(WORK ITEM):
Find, in the records below, the line that contains "REAL PLANCHE PROGRESSION" and the line that contains "Kerekes iskola- és". Copy those two lines and everything between them exactly, but not the pictures.

Start of DATA

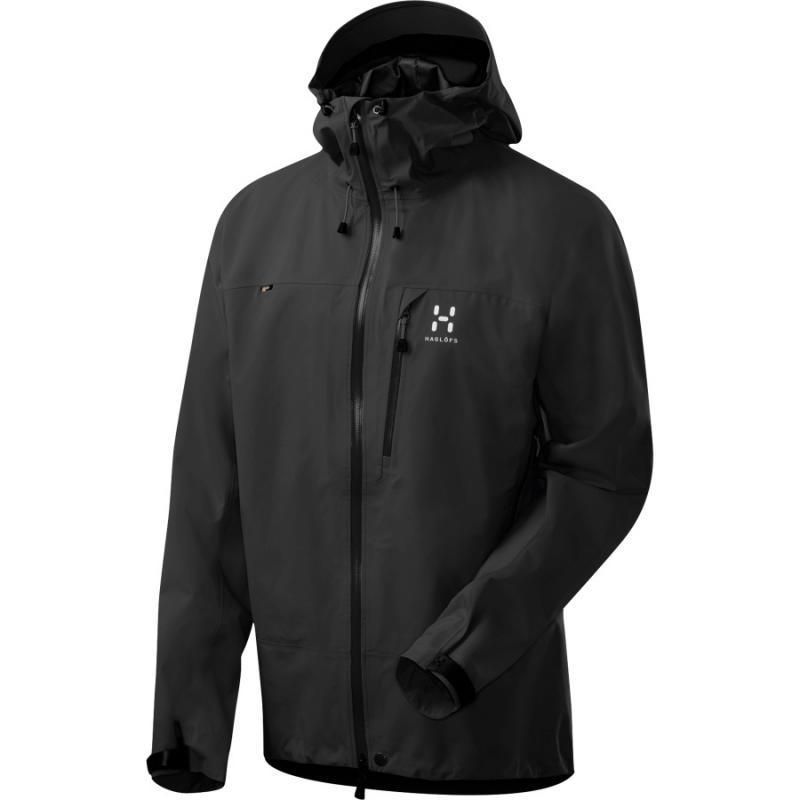   Mens Nebula Goretex Black Waterproof Pro Shell RP £320 Sizes M,L,XL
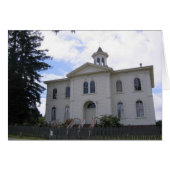 Schoolhouse from Alfred Hitchcock's The Birds (Front Horizontal)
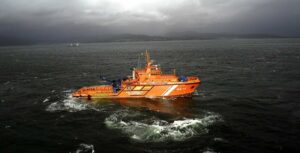 Salvamento despliega un dispositivo tras la alerta de un naufragio frente a las costas de Algeciras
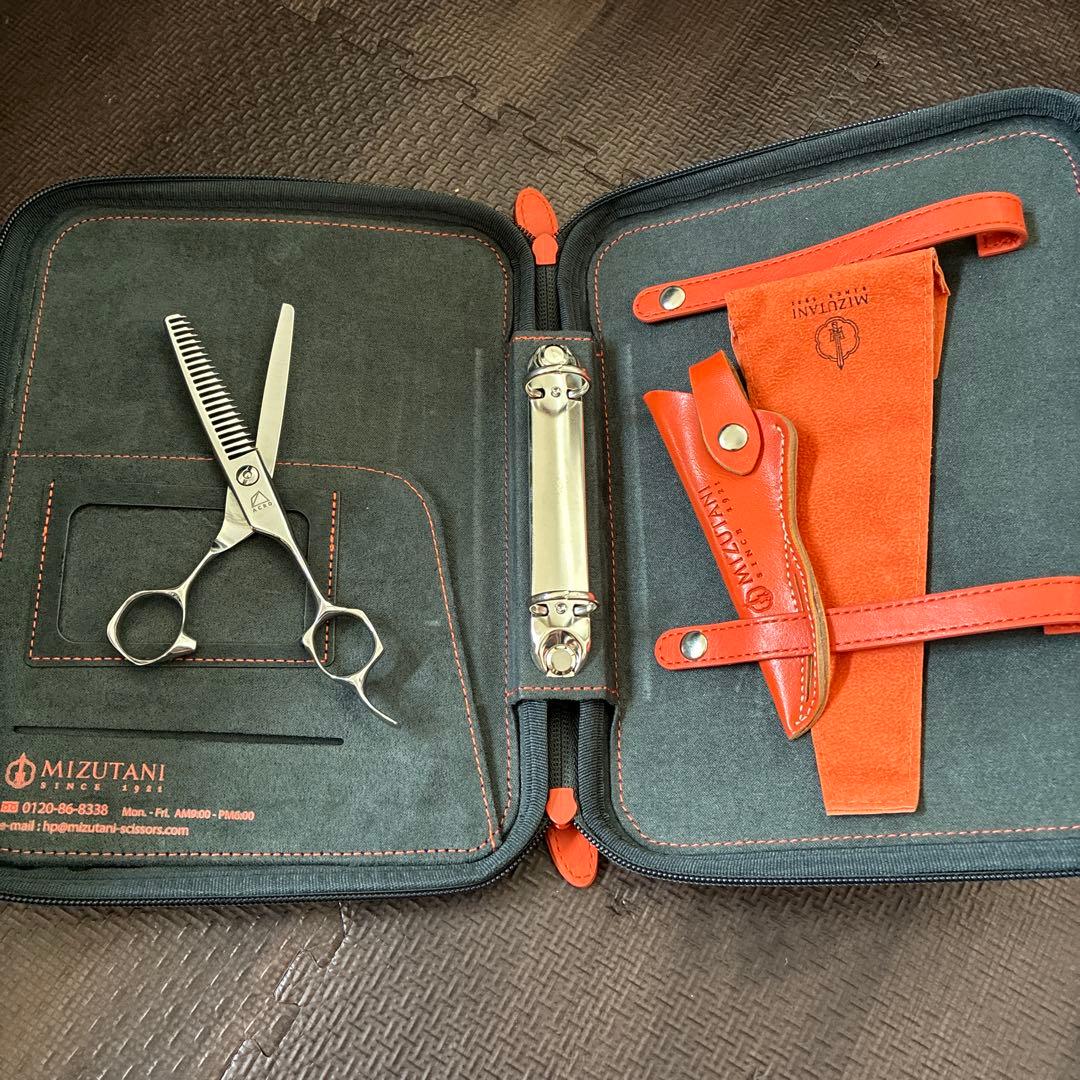 Mizutani YURAGI4 セニングシザー 収納ケース付き 2026年最新】ミズタニ ユラギの人気アイテム - メルカリ
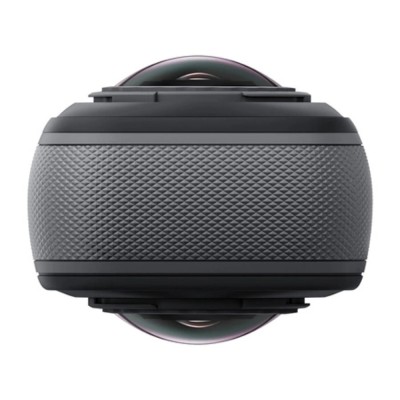 Akční kamera Insta360 X5 v balíčku Explorer, 8K 360° video, snímače 1/1,28″ – Midnight Black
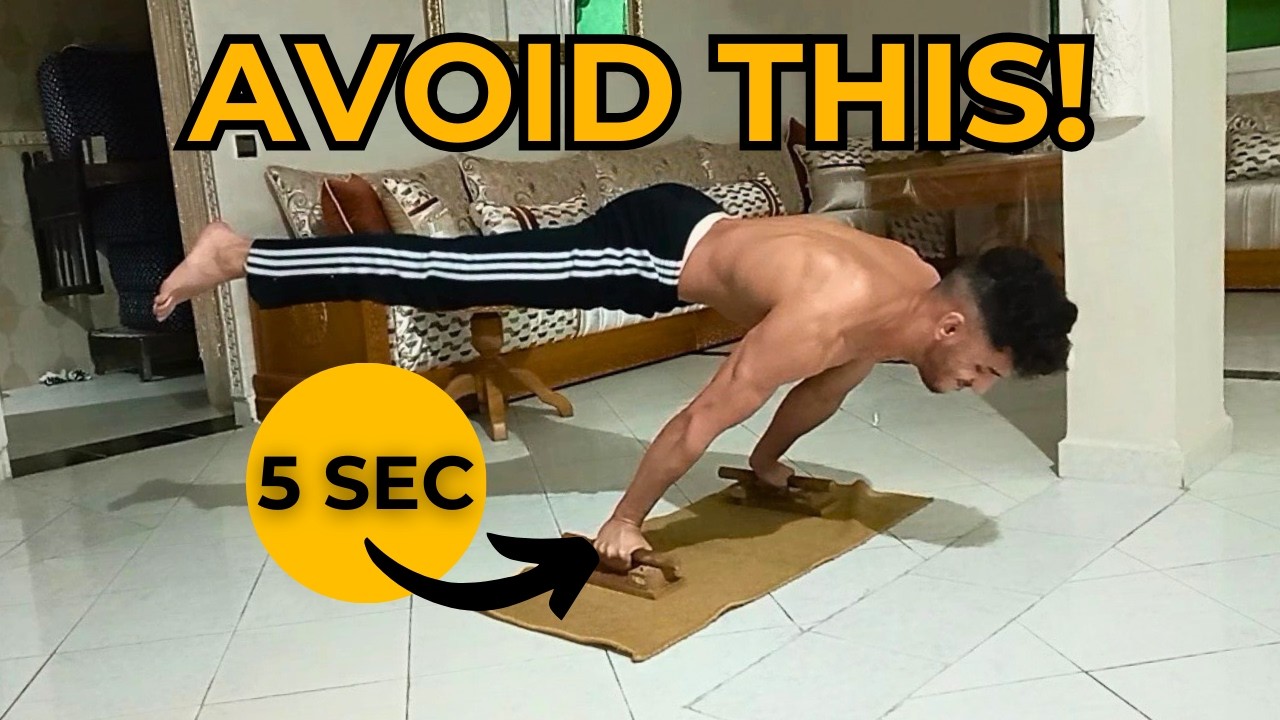 REAL PLANCHE PROGRESSION JOURNEY | How Long Does It Take To Achieve 5 Sec ?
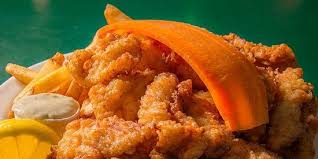 The fish taco's putative home is the port city of ensenada, 60 miles down the coast from tijuana. Lupe S Mighty Fish Tacos Picture Of Riva Fish House Santa Cruz Tripadvisor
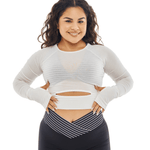 EFFORTLESS CROPPED TOP - ILUS LABEL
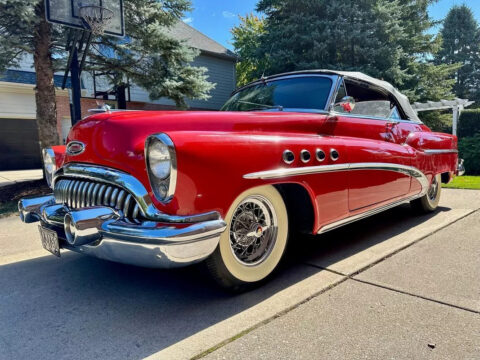1953 Buick Super for sale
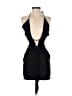 Shein Black Cocktail Dress Size 4 - photo 1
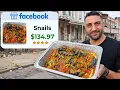 I tried Facebook Marketplace food in Baltimore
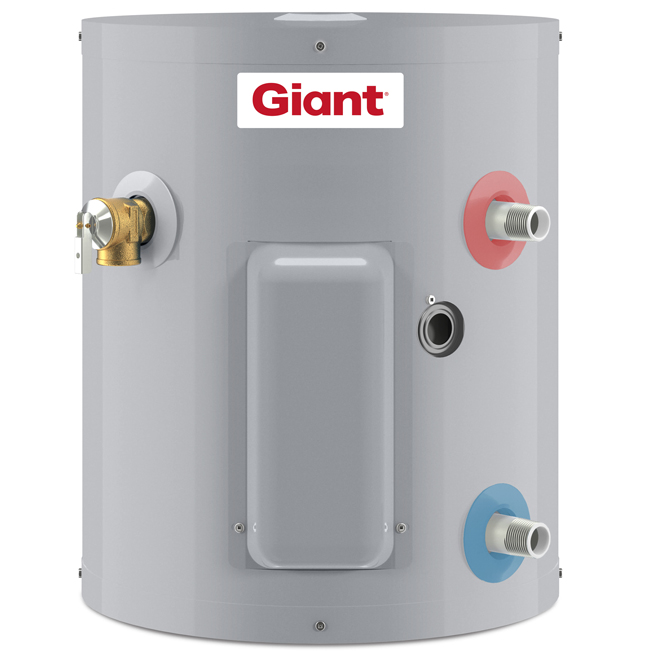 Electric Water Heater 5 Gal - 3000 W - White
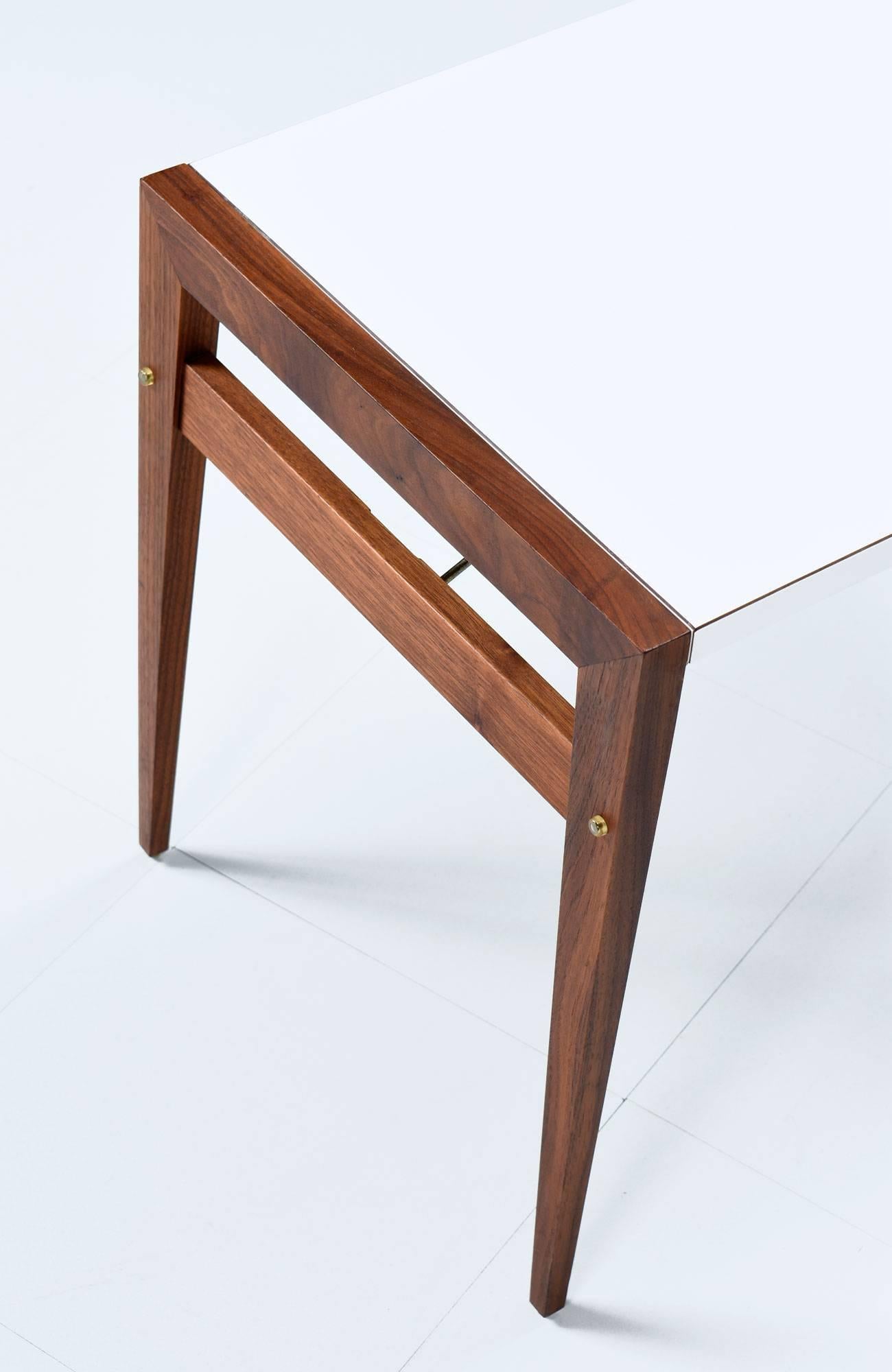 Mid-Century Modern John Keal Folding Side Tables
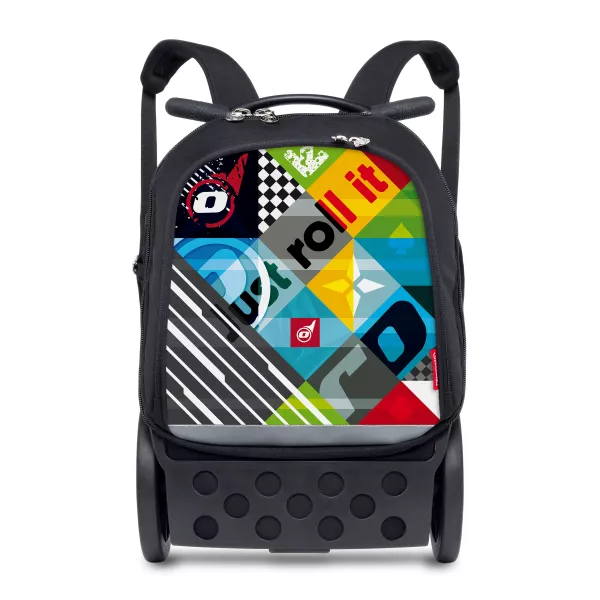 Kerekes iskola- és utazótáska Nikidom Roller UP XL Reef (27 l)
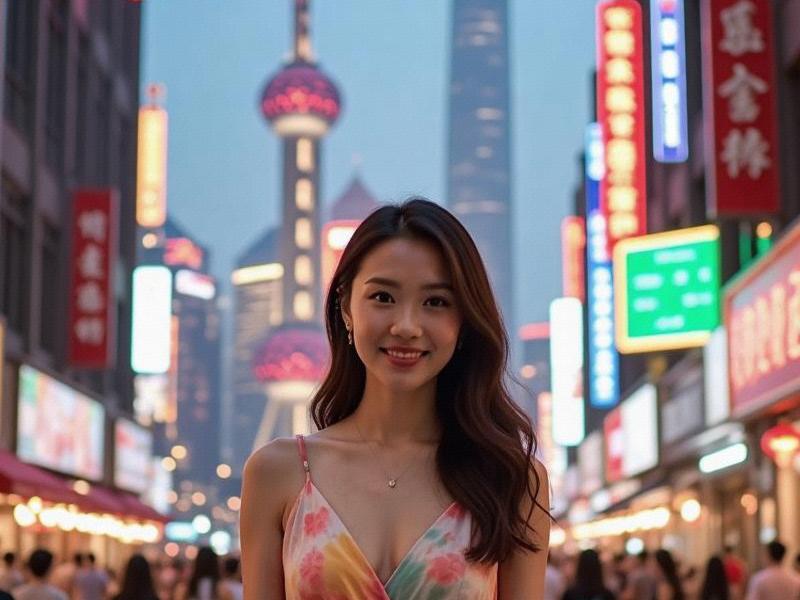 The Shanghai Glamour: How Modern Women Redefine Beauty and Success in China's Global City
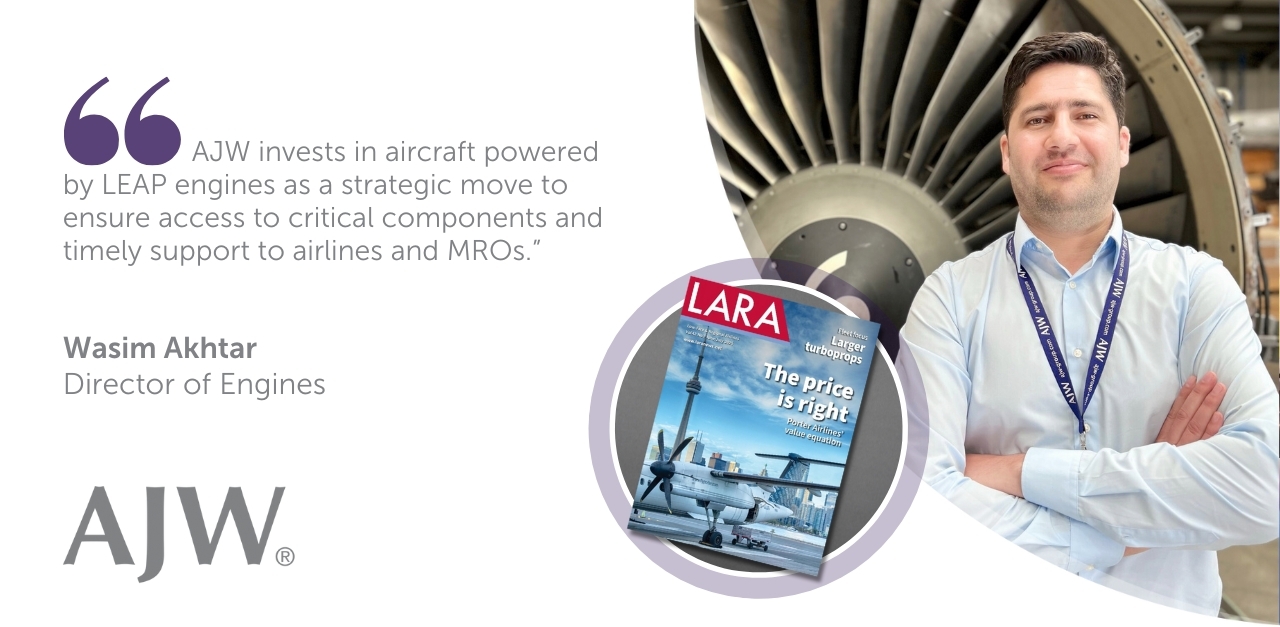 LARA – CFMs LEAP Engines - Leap of Faith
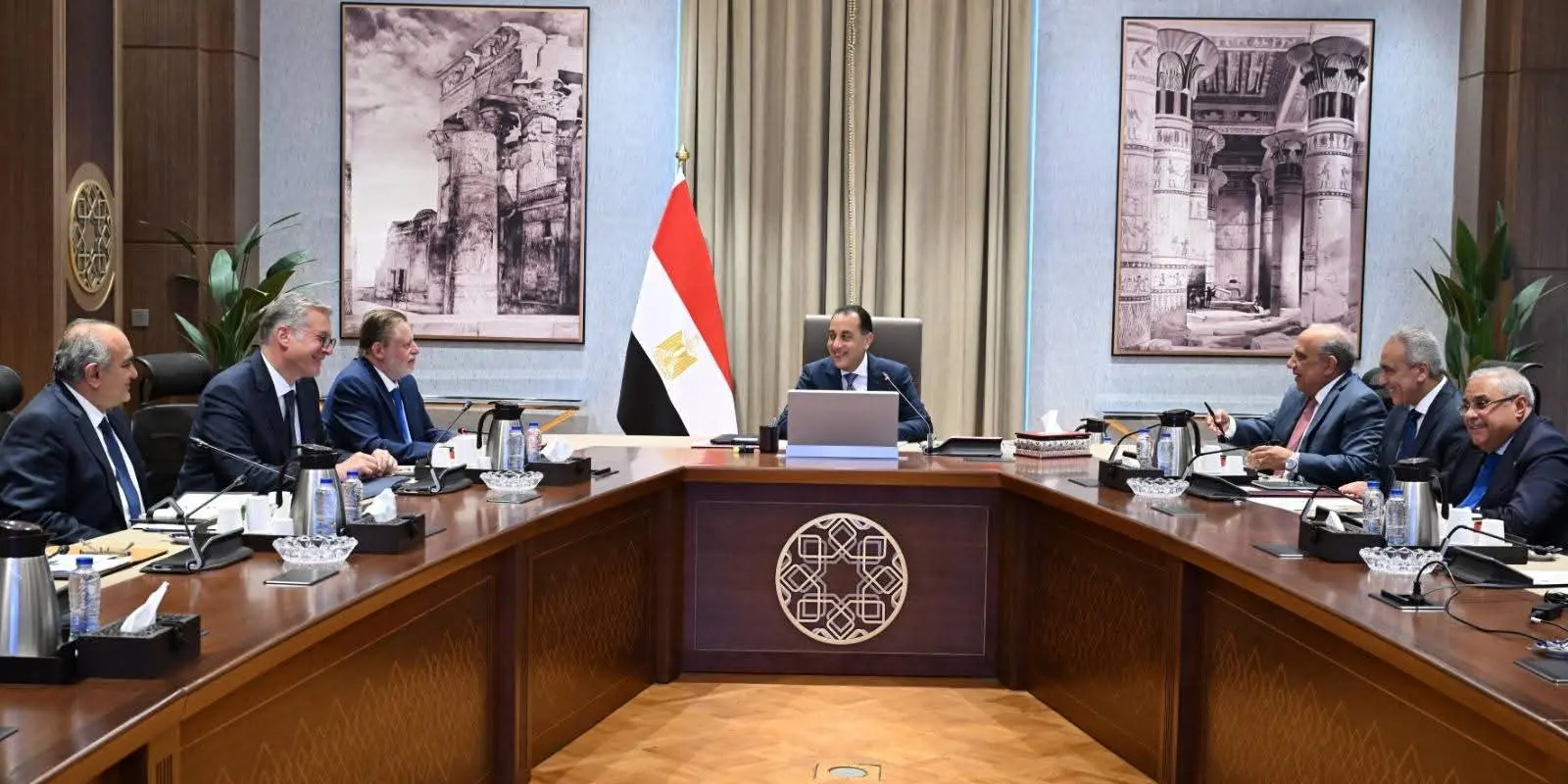مدبولي يتابع تعزيز احتياطيات الوقود لضمان استقرار إمدادات الطاقة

End of DATA

(TASK RESPONSE):
 REAL PLANCHE PROGRESSION JOURNEY | How Long Does It Take To Achieve 5 Sec ?
 The fish taco's putative home is the port city of ensenada, 60 miles down the coast from tijuana. Lupe S Mighty Fish Tacos Picture Of Riva Fish House Santa Cruz Tripadvisor
 EFFORTLESS CROPPED TOP - ILUS LABEL
1953 Buick Super for sale
 Shein Black Cocktail Dress Size 4 - photo 1
 I tried Facebook Marketplace food in Baltimore
 Electric Water Heater 5 Gal - 3000 W - White
 Mid-Century Modern John Keal Folding Side Tables
 Kerekes iskola- és utazótáska Nikidom Roller UP XL Reef (27 l)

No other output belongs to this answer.